By Holden Hartle, who takes his namesake from Holden Caulfield
This spring break, I took a trip to the East Coast in which I traversed Massachusetts and Rhode Island completely by myself. Everything from transportation to food was accounted for by me. It’s scary, needless to say. But I had a friend during this time, Holden Caulfield from The Catcher in the Rye.
I had never read the book before, despite it being the book I was named after, and I couldn’t have read it at a better time.
The book follows Holden, a sixteen year old who has just been kicked out of yet another prestigious school because he is unmotivated to complete his schoolwork. The angsty teen only passed one class at Pencey, his English class, and this was because he had read all of the books in previous years. His struggles in school stem from his hatred for adults. All adults with few exception are “phonies.” His teachers are no exception.
Because Holden is the narrator, and a pretty snarky one, you have to take everything he says with a grain of salt. He will state that a certain adult is a phony, but as the reader, you have to ask yourself why he would say something like that. Is a character actually a phony, or is he just a phony through the eyes of Holden? My brief background in AP Psychology tells me that Holden is displacing his fear of adulthood onto all adults, instead of accepting the transition.
The book gets it title from Holden describing his fantasy of being a “catcher in the rye” to his younger sister, Phoebe. He explains the scenario in which he is in a rye field with his back facing a cliff with a sheer drop off. In this field, children are running towards the cliff, and Holden is picking them up, and placing them further away from the edge.
Pretty weird fantasy, right? Not when you understand the consciousness of Holden.
To me, the bottom of the cliff is adulthood, and these children are conforming to what society wants; they are making the jump to become adults. Holden is desperately trying to keep these children in their current state, but he can’t save everyone. The reader learns that Holden has almost a quixotic factor to him. He has the idea that he can save everyone, but obviously this isn’t the case.
Towards the end of the book, Holden is watching Phoebe on a carousel. Holden cries happy tears as he watches Phoebe going round-and-round, stagnant in her childhood. She isn’t headed in a straight line to adulthood, she is stuck in her childhood, and that makes Holden happy.

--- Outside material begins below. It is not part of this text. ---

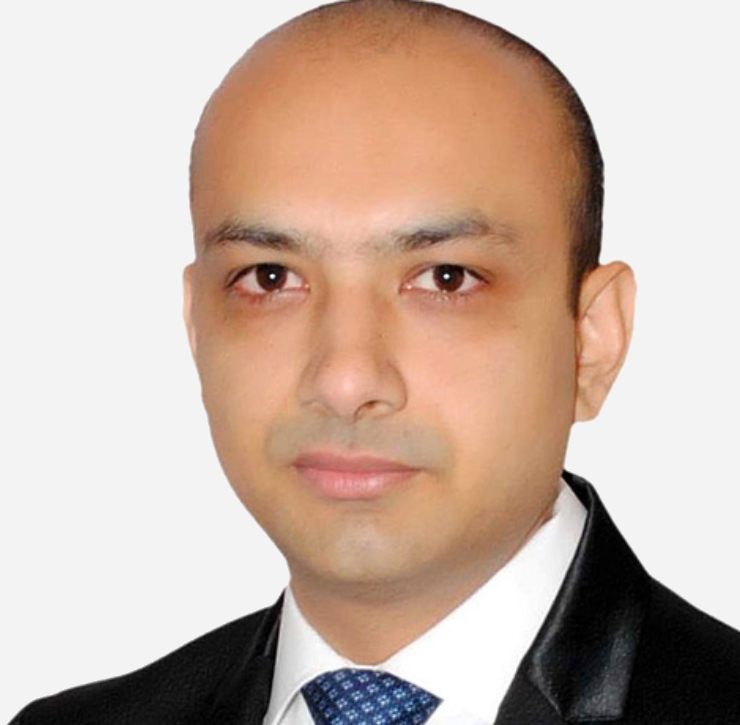 Dr-Atul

So what does this have to do with you? Well, don’t be like Holden. The inevitable tide of adulthood is coming, and you can’t stop it, no matter how hard you or Holden try. So adjust. Humans are amazing at adapting to new social environments. Whether you are going to college or getting your first job, you can adjust to that new environment. If you completely immerse yourself, you mold yourself to match that situation. Holden couldn’t adapt; thus he clung to childhood with all of his being. This ultimately was his downfall. Don’t be like Holden.